The Product Development Simulator I envisioned for road cars started putting vehicles through their paces in a virtual environment in 2020. And in the years since the simulator was launched, it has lived up to its potential.
Anything you would do when driving in a car, we’ve looked at replicating in a simulator, from driving to work on normal highways, to emergency manoeuvres.
Part of the power of virtual testing is its speed. In a single day, we can run simulations that would take six months in real life. We can run ten times as many tests in a tenth of the time.
With simulations, you don’t have to get a mechanic to switch parts out before running the next test. Vehicle damage that might total a test vehicle can be ‘repaired’ at the touch of a button.
And you don’t have to drive your test vehicle all the way from a frozen tundra to the desert to test it in a different environment – you can compare them back-to-back without leaving the simulator. And the simulator team validates all our testing against real-world outcomes.

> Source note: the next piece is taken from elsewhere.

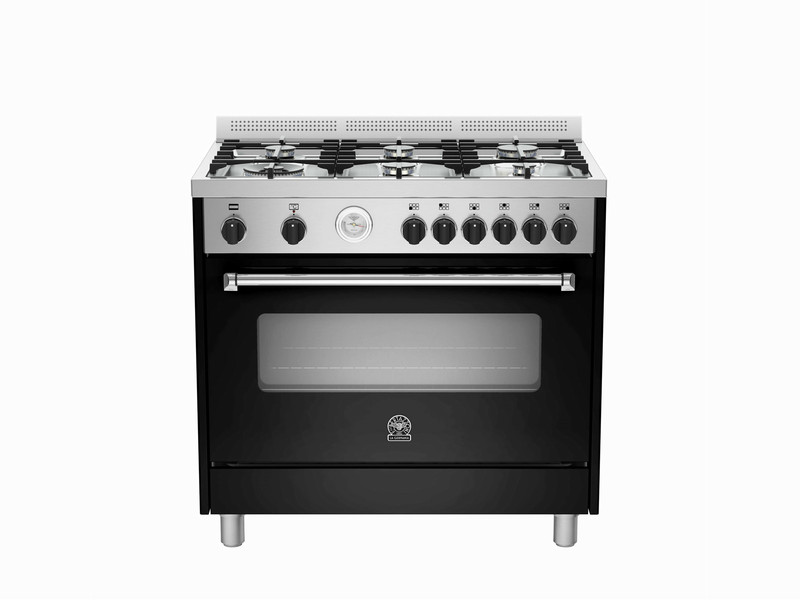 Bertazzoni La Germania AMS9 6C 61 B NE Отдельностоящий Gas hob A Черный, Нержавеющая сталь кухонная плита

“If we run virtual tests, we want the same answer and information we get at the race track,” said Mike Del Zio, who recently joined my team as a vehicle dynamics core methods engineer.
But in some cases, simulators can do things that couldn’t be achieved by traditional testing.
In the real world, when you test on a fifty-degree day and the next day it’s seventy-five degrees, you can’t really run the same test again under identical conditions. But virtual testing makes it possible to control those kinds of variables, and many more.

It can also test in conditions you would never find in the real world, like a highway that is perfectly flat and perfectly straight. That allows engineers to get a totally different take on how steering or brakes work, without any of the unpredictable inputs of the real world.
Today, the simulator facility in Dearborn has been used by every programme at Ford, and other simulators have been opened at Ford sites across the world.
For example, the Ford Advanced Driver Assistance Systems (ADAS) team is using the simulator for the development and continuous improvement of key features, including BlueCruise hands-free highway driving.
As the virtual testing programme has grown, the simulator team has also worked to create a global ecosystem that keeps virtual testing consistent across all programmes and locations so that information and improvements can be shared quickly.
We’re also branching out into off-road simulations, and have started to work with suppliers to integrate supplier simulation capabilities into the Ford Simulator ecosystem.

Del Zio believes this is some of the most exciting work happening anywhere in the auto industry – even though he came to the team directly from the Mustang programme.
“People would ask me, why did you leave Mustang?” said Del Zio. “I was getting to take Mustangs to the racetrack, and Broncos to the desert.”
But, Del Zio said, “I was tired of running into the same challenges. And I wanted to get to work on them upstream, where we could make an even bigger difference.”
On the simulator team, he feels like he’s found his place: “We are a team of people who love to drive, building tools that build better vehicles.”